Area A –Testing safe lightweight vehicles

Automotive safety has significantly progressed in the last decades thanks to advanced modelling and testing capabilities and new structural concepts, as well as the introduction of active safety.

Future vehicles and their structures, however, will have to be lighter and lighter, and this means already an intrinsic reduction of safety when crashing with a heavier crash counterpart. Moreover, new structural concepts will need to be more and more designed with a circular use of materials in mind, and structures with mixed light materials and related manufacturing concepts (including casting and 3D printing of complex shapes, for instance in energy absorbers or highly integrated structural components) will be widely different from today’s mostly sheet steel based concepts. Advanced testing on crash, toughness, fracture and fatigue of new materials and concepts should be performed where relevant. A smart integration of these concepts are expected to lead the demonstration of a more sustainable and safe body-in-white with at least a 10% weight reduction on already achieved results for multimaterial research structures.

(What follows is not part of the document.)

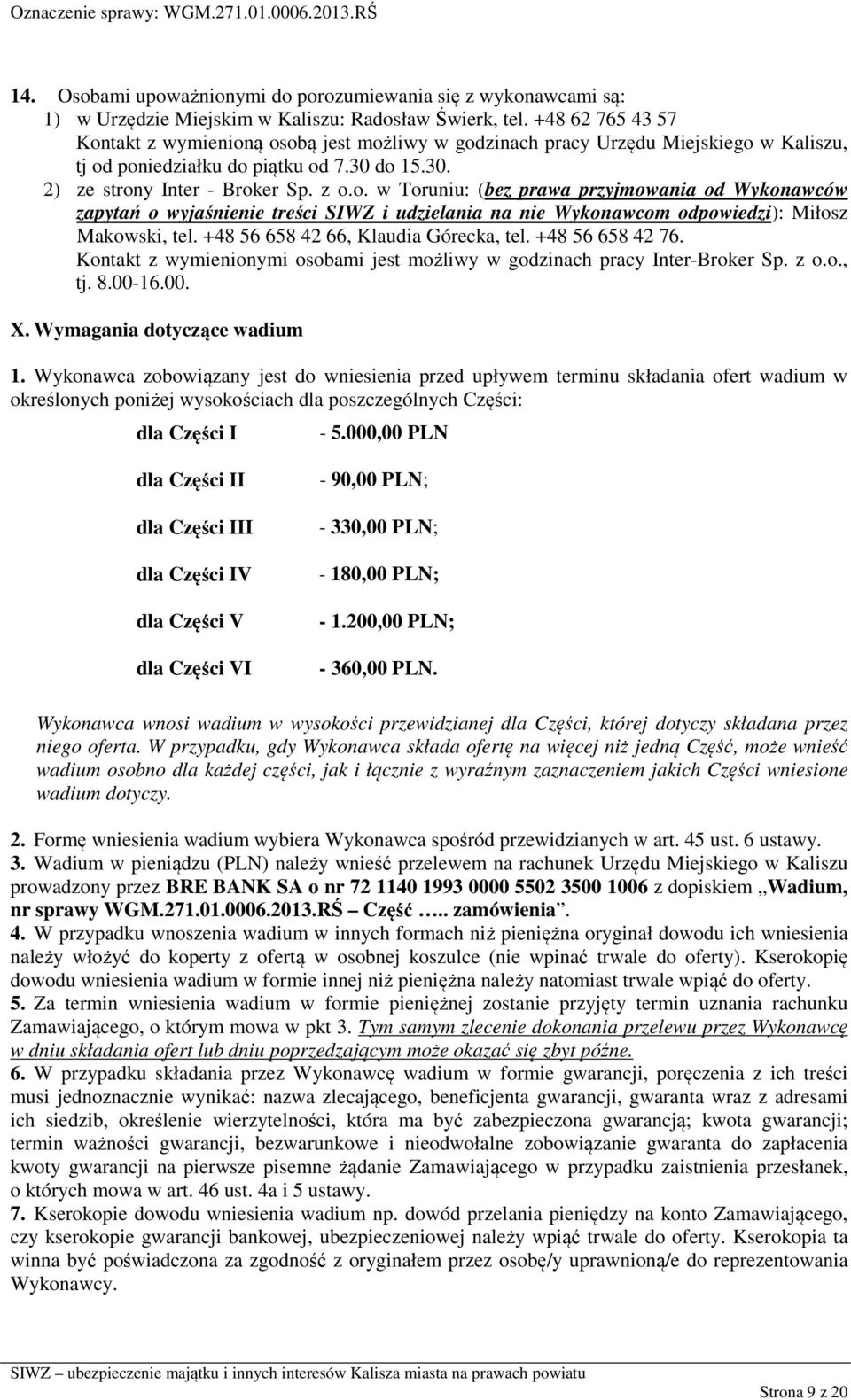 +48 56 658 42 66, Klaudia Górecka, tel. +48 56 658 42 76. Kontakt z wymienionymi osobami jest możliwy w godzinach pracy Inter-Broker Sp. z o.o., tj. 8.00-16.00. X. Wymagania dotyczące wadium 1.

In this context, the proposed actions should analyse the crash scenarios of the future, considering active safety devices but also their potential failure and the fact that for a long time there will be a mixed traffic situation where automated and semi-automated vehicles will share the road with normal “manually driven” vehicles and all types of unprotected road users.

This requires a new way of conceiving structures and their components, to ensure that all requirements are met at the same time and to further increase safety by including vehicle compatibility concept, like harmonised rigidity between light and heavy vehicles, so that the heavy vehicle helps the more vulnerable one in absorbing the impact energy. Standardised positions for crash absorbing elements should be addressed to ensure the best engagement scenarios, as well as multi-angle optimisation, to avoid that structures are optimised only for the exact test cases in regulation or in EuroNCAP tests. A significant number of crash tests is expected to be performed for validating the different scenarios.

Area B –Safe human-technology interaction in the future traffic system

Another challenge for the safety in future transport systems and services is the ever growing and intensified human interaction with ubiquitous digital content. The overload of various kinds of information from multiple sources can lead to increased driver or unprotected road user distraction and have negative impacts on road safety.

Human machine interfaces (HMI) with adaptive characteristics continue to be developed and new functionalities are continuously added, yet the impacts of those systems on the behaviour of drivers and other road users are not sufficiently known. Further research on the effects of such technologies in road transport safety is required.

These adaptive HMI systems can support a wide range of traffic users and could be included in scenarios based on the mixed traffic and accidentology where needed. As such the applications are not limited to higher levels of vehicle automation. Therefore, they need to consider a wide variation of human capabilities and reactions as well as long-term mental and physical capacities (including disabilities and disorders) and instantaneous limitations in capabilities (collapse, illness, drowsiness, etc.).

In particular, the following aspects should be considered by future research:

• Design and development of intuitive, understandable, non-distracting and reliable adaptive interfaces for human-technology interaction in road vehicles minimising training needs for safe usage.
• Develop concepts of external interfaces, also considering the characteristics (for instance speed, direction) that are possible to interpret and understand by all road users.
• Understand long-term effects (physical and mental), potential risks and possible benefits for road users exposed to and actively using adaptive HMI technologies, and propose means to improve or maintain road user performance in terms of safety.
• Development of safety validation methods for new adaptive HMI technologies.

While this topic is open to research on all human-technology interaction in the road transport system, specific issues of the interaction of highly automated vehicles with their occupants and other road users are covered in topic HORIZON-CL5-2022-D6-01-02.

Typically, projects should have a duration of 36 to 48 months. Nonetheless, this does not preclude submission and selection of proposals requesting other amounts or durations.

Social innovation is recommended when the solution is at the socio-technical interface and requires social change, new social practices, social ownership or market uptake.